Cost 59p each + 10p if you want rice
We have a running joke in our house that if you like mushrooms you must be a ‘funghi’ (fun-guy). It’s our ‘in’ joke that we all have stored up our sleeve…when a new unsuspecting friend dines with us and they happen to be eating mushrooms…well…we all give each other ‘daggers’ to determine who is going to be the one to pull the ‘fungi’ joke out of the bag first. I know, its a bit of a sad affair but that’s how we roll….
This recipe is a bit calorific (because of the cream) but I had some left from the lemon cheesecake so it would have been a sin not to use it.
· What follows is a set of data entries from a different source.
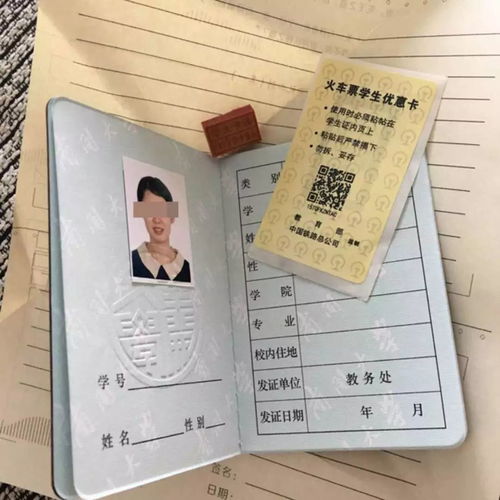 学生证使用时间，全面解析与实用指南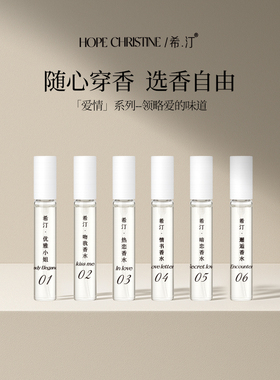 希汀5ML香水小样总有一款适合你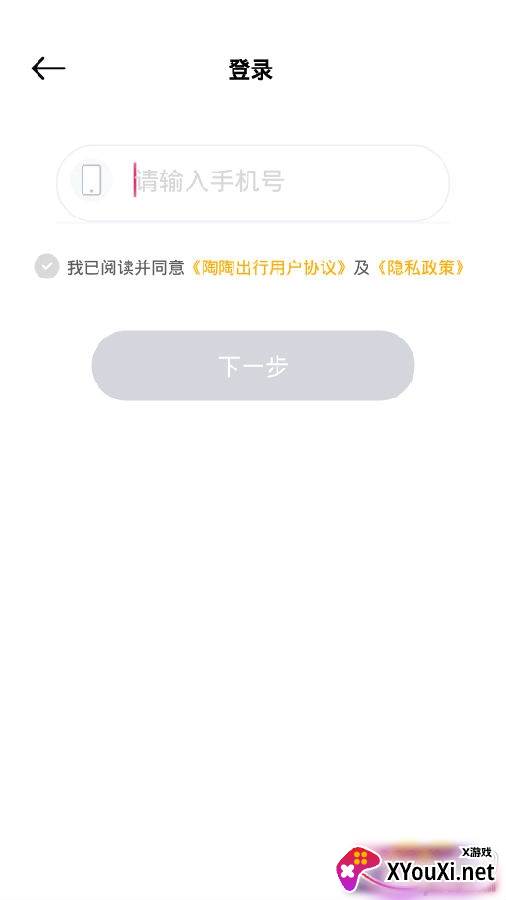 陶陶出行最新版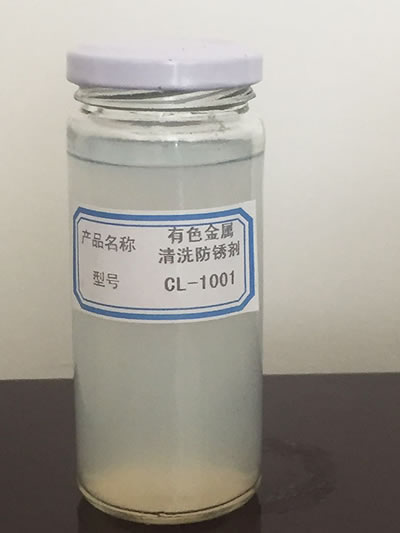 有色金属清洗防锈剂CL-1001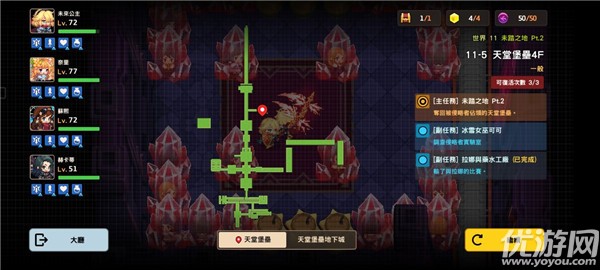 坎公骑冠剑11-5天堂堡垒4f怎么过 11-5全收集攻略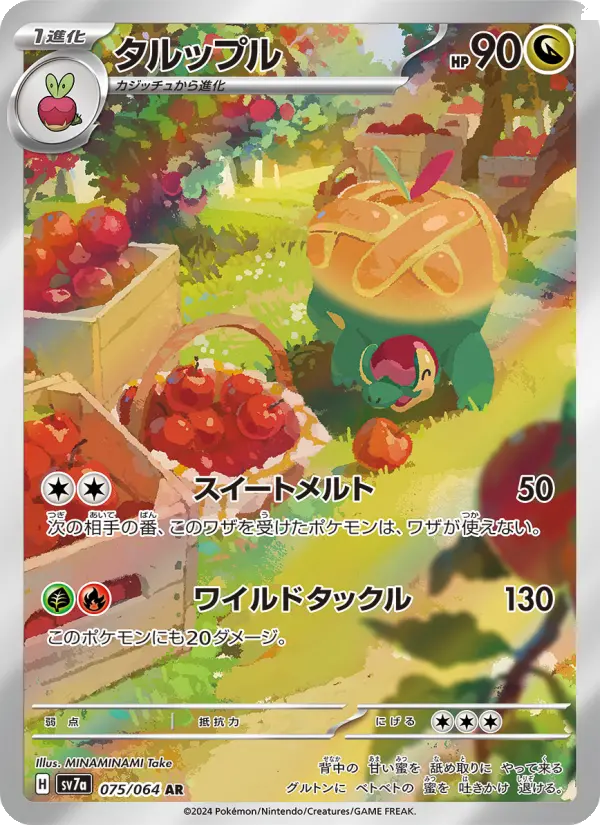 Appletun – Holo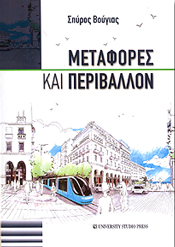 UNIVERSITY STUDIO PRESS ΜΕΤΑΦΟΡΕΣ ΚΑΙ ΠΕΡΙΒΑΛΛΟΝ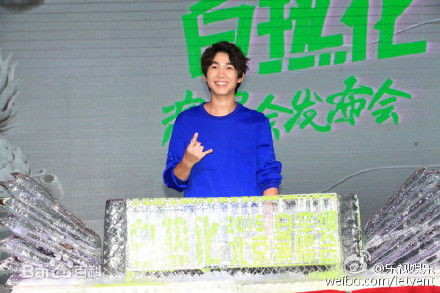 白举纲(Pax Congo)专辑和演唱会发布会生活照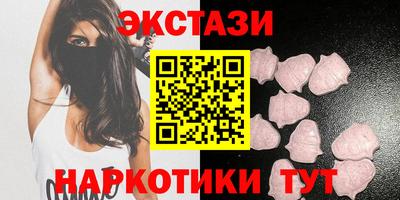 альфа пвп Конаково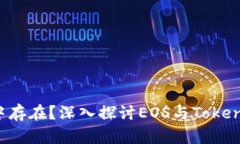 EOS币能否在Tokenim中存在？深入探讨EOS与Tokenim的兼
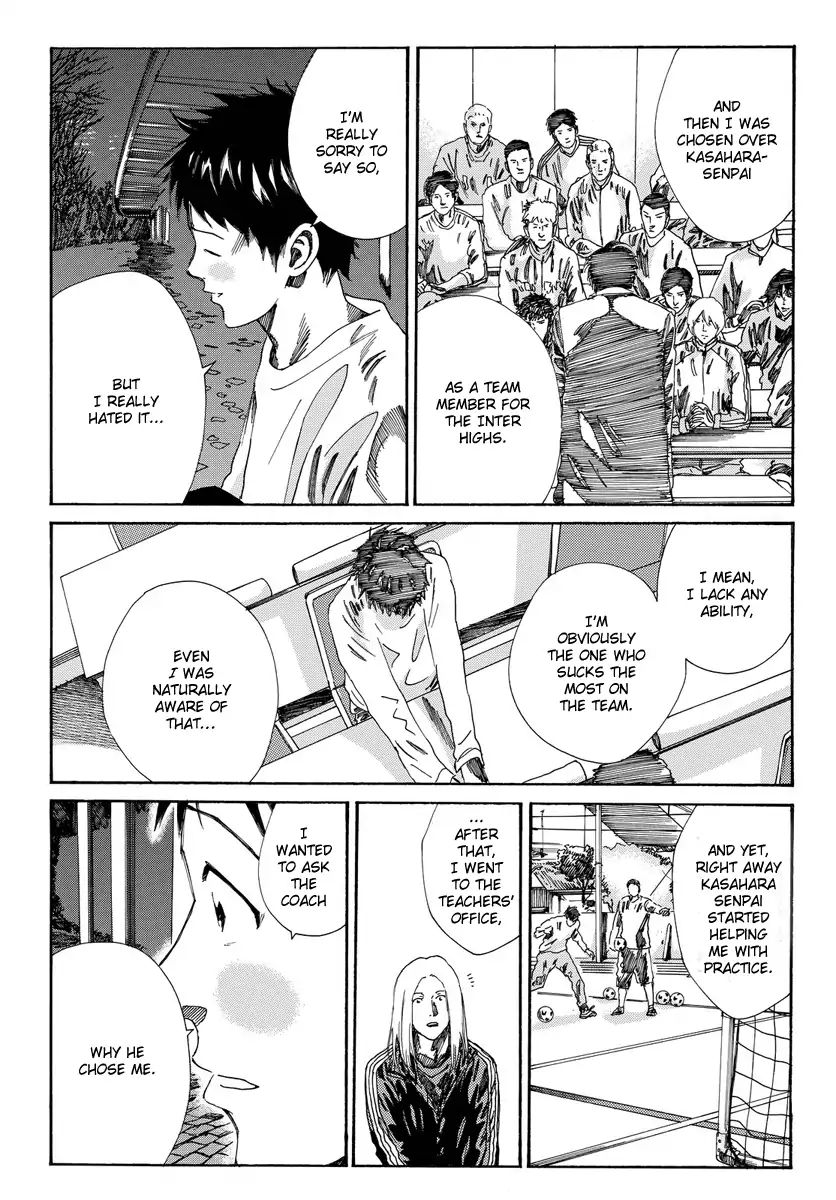 Page 13 of Chapter 170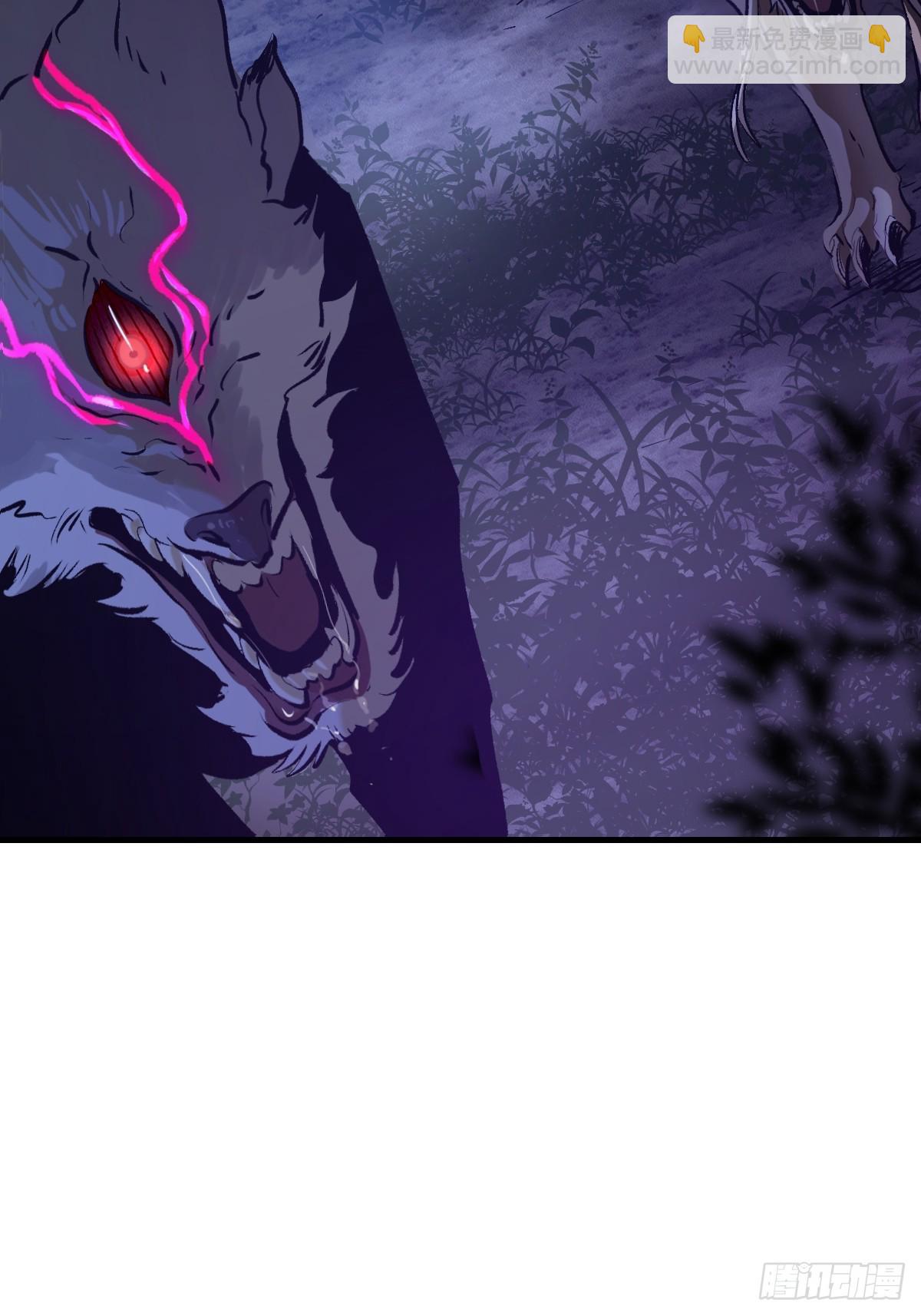 正法欺邪魔(1/3)-第12话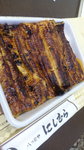 20110724_にしむら_うな重弁当(特上).jpg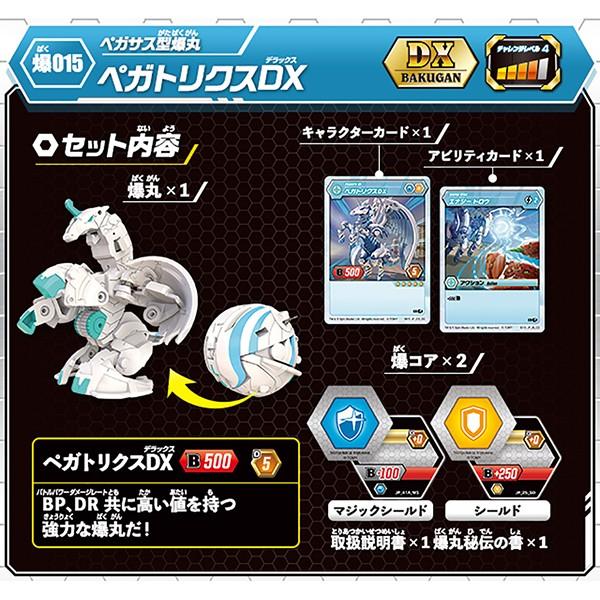 爆丸僕のお気に入り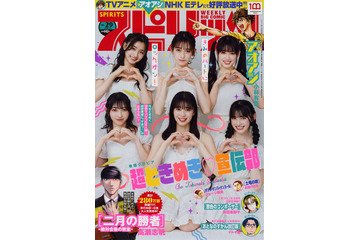世界でバズった注目の6人娘・超ときめき宣伝部が表紙に登場! 画像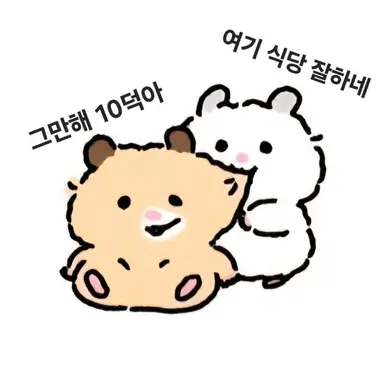 Profile image of 밍새우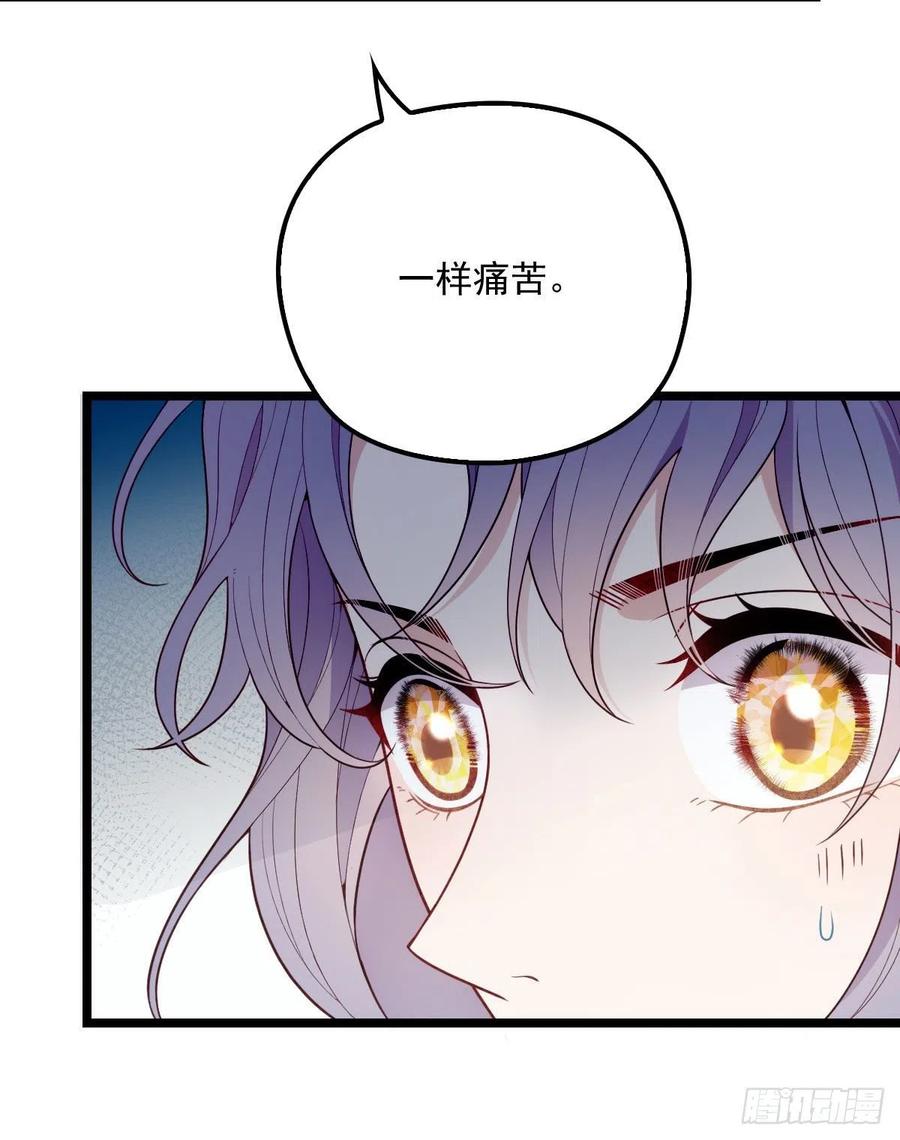 第七十话 终极任务浮出水面14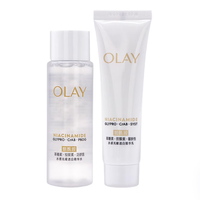 OLAY 抗糖水乳50ml+35ml第二代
This dish is delicious though, I just love it! And to be totally honest I don’t really like mushrooms. Yeah yeah I’m no ‘funghi’…
This dish serves 2 and it took 20 minutes to make, cook and serve!
25g butter (7p, Aldi)
1 onion, finely chopped (9p, Aldi)
200g mushrooms, sliced (52p, Aldi)
1 tbsp tomato puree (1p)
1 tbsp dijon mustard (4p, Aldi)
150ml double cream (34p, Aldi)
2 cloves garlic, minced (6p)
150ml stock – made with 1 veg stock cube (3p, Aldi)
Splash of lemon juice (1p)
1 tbsp Worcestershire sauce (1p, B&M)
If you’re having rice then put the pan of water to boil.
Melt butter in your pan or wok.
Add the onions and fry for a couple of mins. Add the garlic. Mix. Add the mushrooms. Mix.
Stir in the tomato puree, the mustard and the stock..bring to the boil and simmer.
Turn the heat down low and add the cream, lemon and worcestershire sauce. Stir gently and season to taste. Leave it on low until your rice or whatever you are serving it with is ready!